A relationship between urate and calcitriol levels has been described in the literature on the subject. In 1993, Vanholder et al. observed in patients with mild to moderate chronic renal failure that, after short-term administration of allopurinol, plasma urate levels were reduced and calcitriol levels increased.30 In experimental animals, Chen et al. demonstrated that hyperuricemia suppresses renal 1-α hydroxylase leading to a reduction in calcitriol concentration and higher PTH levels.31 Consequently, in patients with hypouricemia, it is possible that the absence of the inhibitory effect of intracellular uric acid on 1-alpha-hydroxylase favors an increase in calcitriol levels and the consequent occurrence of hypercalciuria.6

In summary, in some patients with renal tubular hypouricemia (FEUr greater than 20%) (Table 6) there is hypercalciuria that could be mediated by the aforementioned absence of the inhibitory effect of intracellular uric acid on 1-alpha-hydroxylase. On the other hand, some patients with IH, as observed in our series, have discrete urinary losses of urate (FEUr less than 20%), presumably at the level of the proximal tubule level, although uricemia and calciuria values tend to normalize in many cases with the increase in age and there are no differences in the z-BMD value in relation to patients with IH without hypouricemia.

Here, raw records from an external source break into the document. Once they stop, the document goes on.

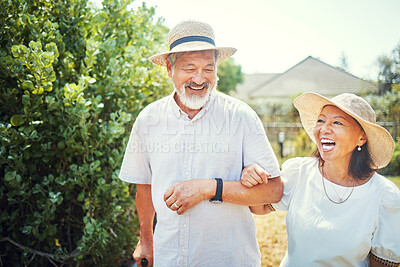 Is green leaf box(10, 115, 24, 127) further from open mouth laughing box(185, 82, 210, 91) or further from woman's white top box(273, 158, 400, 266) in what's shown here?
woman's white top box(273, 158, 400, 266)

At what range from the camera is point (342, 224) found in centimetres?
174

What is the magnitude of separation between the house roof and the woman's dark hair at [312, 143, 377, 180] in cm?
2533

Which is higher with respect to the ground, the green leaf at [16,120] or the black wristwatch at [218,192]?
the green leaf at [16,120]

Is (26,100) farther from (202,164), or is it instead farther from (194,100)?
(202,164)

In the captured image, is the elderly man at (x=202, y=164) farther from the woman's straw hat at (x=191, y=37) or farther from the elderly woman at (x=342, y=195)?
the elderly woman at (x=342, y=195)

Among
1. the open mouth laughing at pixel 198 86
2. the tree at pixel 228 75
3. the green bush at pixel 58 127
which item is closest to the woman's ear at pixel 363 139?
the open mouth laughing at pixel 198 86

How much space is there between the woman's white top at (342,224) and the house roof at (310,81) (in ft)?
83.6

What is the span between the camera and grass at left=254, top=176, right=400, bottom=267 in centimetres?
413

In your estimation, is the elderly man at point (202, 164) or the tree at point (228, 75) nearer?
the elderly man at point (202, 164)

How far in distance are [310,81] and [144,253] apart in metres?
29.2

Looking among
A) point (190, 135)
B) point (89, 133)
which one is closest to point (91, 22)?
point (89, 133)

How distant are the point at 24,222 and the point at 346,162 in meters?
2.71

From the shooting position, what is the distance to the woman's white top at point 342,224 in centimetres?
166

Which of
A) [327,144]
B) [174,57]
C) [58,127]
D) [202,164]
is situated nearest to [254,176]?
[202,164] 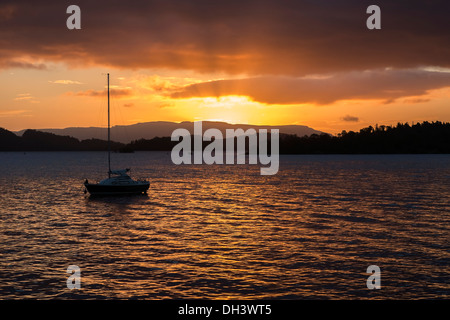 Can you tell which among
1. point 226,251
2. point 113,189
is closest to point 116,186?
point 113,189

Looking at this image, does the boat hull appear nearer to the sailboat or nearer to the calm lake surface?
the sailboat

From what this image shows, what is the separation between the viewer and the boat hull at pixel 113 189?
67.4 metres

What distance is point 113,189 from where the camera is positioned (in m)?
68.2

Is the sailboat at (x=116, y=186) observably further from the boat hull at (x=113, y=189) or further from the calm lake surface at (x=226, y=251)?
the calm lake surface at (x=226, y=251)

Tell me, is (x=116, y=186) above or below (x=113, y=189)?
above

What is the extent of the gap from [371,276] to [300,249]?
7.62 m

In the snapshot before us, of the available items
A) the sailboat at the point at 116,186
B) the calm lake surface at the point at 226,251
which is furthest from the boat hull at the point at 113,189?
the calm lake surface at the point at 226,251

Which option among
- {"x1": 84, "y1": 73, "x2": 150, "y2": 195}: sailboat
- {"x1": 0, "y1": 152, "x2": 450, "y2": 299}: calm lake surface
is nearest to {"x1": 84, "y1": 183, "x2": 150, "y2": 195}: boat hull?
{"x1": 84, "y1": 73, "x2": 150, "y2": 195}: sailboat

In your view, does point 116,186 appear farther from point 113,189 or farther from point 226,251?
point 226,251

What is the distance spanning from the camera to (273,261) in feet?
87.2

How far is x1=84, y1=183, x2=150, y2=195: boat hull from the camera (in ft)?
221

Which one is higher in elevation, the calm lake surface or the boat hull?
the boat hull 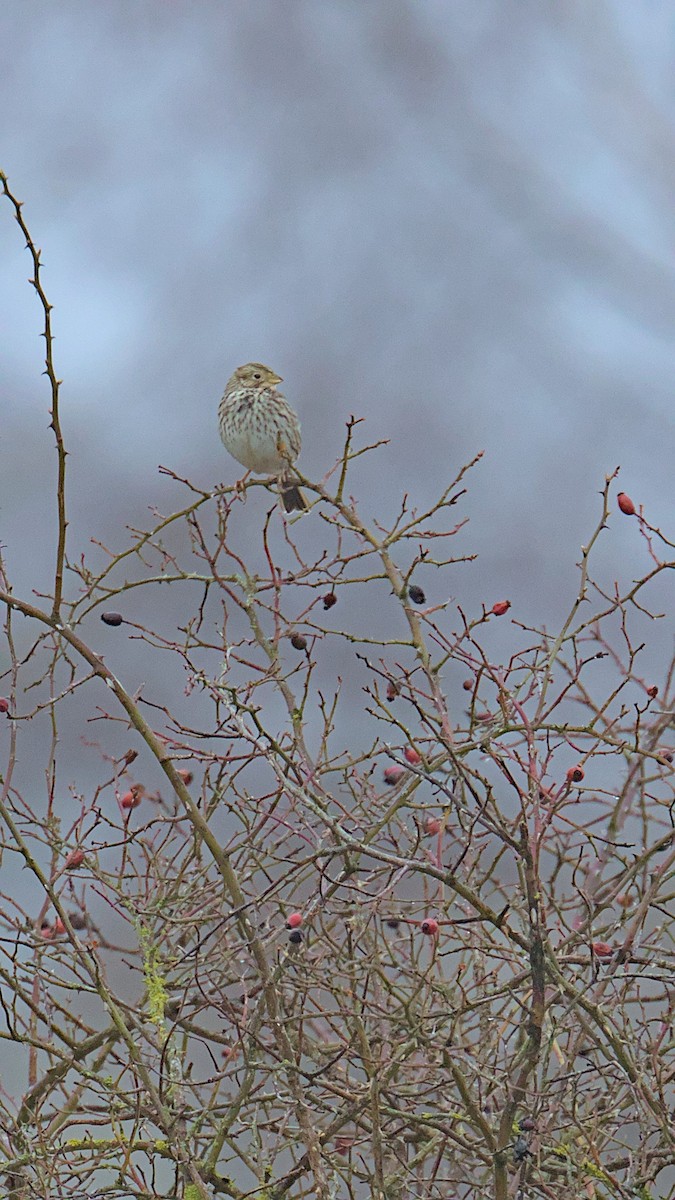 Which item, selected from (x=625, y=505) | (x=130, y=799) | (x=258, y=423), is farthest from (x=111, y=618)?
(x=258, y=423)

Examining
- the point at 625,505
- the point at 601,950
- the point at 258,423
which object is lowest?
the point at 601,950

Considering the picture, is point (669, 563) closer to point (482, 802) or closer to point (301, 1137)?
point (482, 802)

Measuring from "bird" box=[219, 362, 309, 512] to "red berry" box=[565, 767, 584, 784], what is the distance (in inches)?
128

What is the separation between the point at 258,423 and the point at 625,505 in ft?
9.09

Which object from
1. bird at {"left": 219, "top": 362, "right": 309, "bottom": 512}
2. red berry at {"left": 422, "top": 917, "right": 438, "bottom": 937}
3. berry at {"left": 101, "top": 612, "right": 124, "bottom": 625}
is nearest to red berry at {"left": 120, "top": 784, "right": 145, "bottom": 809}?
berry at {"left": 101, "top": 612, "right": 124, "bottom": 625}

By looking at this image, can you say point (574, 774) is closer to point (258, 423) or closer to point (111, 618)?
point (111, 618)

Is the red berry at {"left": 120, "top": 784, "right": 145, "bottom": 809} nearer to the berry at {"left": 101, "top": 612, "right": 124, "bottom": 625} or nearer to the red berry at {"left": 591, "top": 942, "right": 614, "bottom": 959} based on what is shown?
the berry at {"left": 101, "top": 612, "right": 124, "bottom": 625}

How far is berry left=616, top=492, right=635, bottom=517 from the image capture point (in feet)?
7.66

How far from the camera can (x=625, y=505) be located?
235cm

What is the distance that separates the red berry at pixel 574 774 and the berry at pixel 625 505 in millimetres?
734

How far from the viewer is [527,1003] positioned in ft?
5.61

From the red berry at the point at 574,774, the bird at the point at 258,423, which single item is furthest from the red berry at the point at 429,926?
the bird at the point at 258,423

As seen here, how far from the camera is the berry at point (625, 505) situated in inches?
92.0

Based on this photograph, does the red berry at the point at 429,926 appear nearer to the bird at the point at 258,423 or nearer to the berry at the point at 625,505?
the berry at the point at 625,505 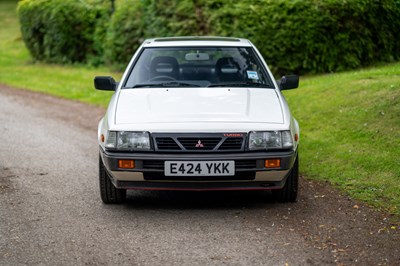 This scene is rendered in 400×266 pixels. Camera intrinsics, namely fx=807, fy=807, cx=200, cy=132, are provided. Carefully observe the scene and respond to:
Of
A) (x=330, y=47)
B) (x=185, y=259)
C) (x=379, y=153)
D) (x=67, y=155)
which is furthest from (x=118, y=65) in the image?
(x=185, y=259)

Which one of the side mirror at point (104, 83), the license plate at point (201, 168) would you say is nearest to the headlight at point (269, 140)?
the license plate at point (201, 168)

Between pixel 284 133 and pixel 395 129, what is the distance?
3.56m

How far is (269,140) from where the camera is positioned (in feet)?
23.2

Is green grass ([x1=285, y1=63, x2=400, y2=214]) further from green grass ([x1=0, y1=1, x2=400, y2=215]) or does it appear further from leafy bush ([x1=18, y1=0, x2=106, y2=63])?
leafy bush ([x1=18, y1=0, x2=106, y2=63])

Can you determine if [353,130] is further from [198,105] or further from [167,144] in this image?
[167,144]

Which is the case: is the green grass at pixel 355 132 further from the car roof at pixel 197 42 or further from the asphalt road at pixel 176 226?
the car roof at pixel 197 42

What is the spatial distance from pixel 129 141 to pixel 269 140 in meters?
1.23

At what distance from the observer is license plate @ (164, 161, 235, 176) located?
22.7 ft

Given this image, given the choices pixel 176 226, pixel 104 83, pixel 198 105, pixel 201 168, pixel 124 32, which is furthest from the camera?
pixel 124 32

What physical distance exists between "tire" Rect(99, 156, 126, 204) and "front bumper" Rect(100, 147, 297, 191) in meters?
0.36

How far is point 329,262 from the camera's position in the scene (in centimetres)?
571

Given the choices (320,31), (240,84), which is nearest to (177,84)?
(240,84)

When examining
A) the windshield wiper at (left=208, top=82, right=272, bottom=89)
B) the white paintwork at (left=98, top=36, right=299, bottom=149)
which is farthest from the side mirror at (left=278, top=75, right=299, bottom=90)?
the white paintwork at (left=98, top=36, right=299, bottom=149)

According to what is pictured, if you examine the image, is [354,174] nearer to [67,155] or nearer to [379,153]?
[379,153] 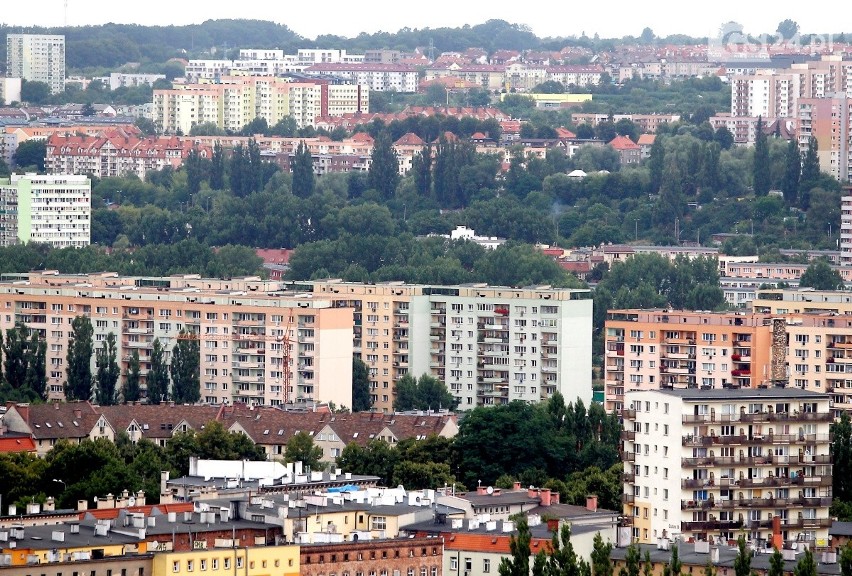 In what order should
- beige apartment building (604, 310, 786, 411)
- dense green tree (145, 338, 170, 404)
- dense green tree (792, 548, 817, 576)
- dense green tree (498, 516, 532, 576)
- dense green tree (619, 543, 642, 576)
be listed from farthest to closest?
dense green tree (145, 338, 170, 404)
beige apartment building (604, 310, 786, 411)
dense green tree (498, 516, 532, 576)
dense green tree (619, 543, 642, 576)
dense green tree (792, 548, 817, 576)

Thus, our patients with hypercalciuria and hypouricemia would be affected by a variant of IH in which the proximal tubular reabsorption of urate would be discretely reduced for unknown reasons and in a way that could improve.

It should be pointed out that nine patients with hypouricemia and hypercalciuria were not included in the study because basic values necessary for diagnosis were not available. This absence of these data has a limiting effect on our results.

Conflict of interest

The authors declare that they have no conflicts of interest.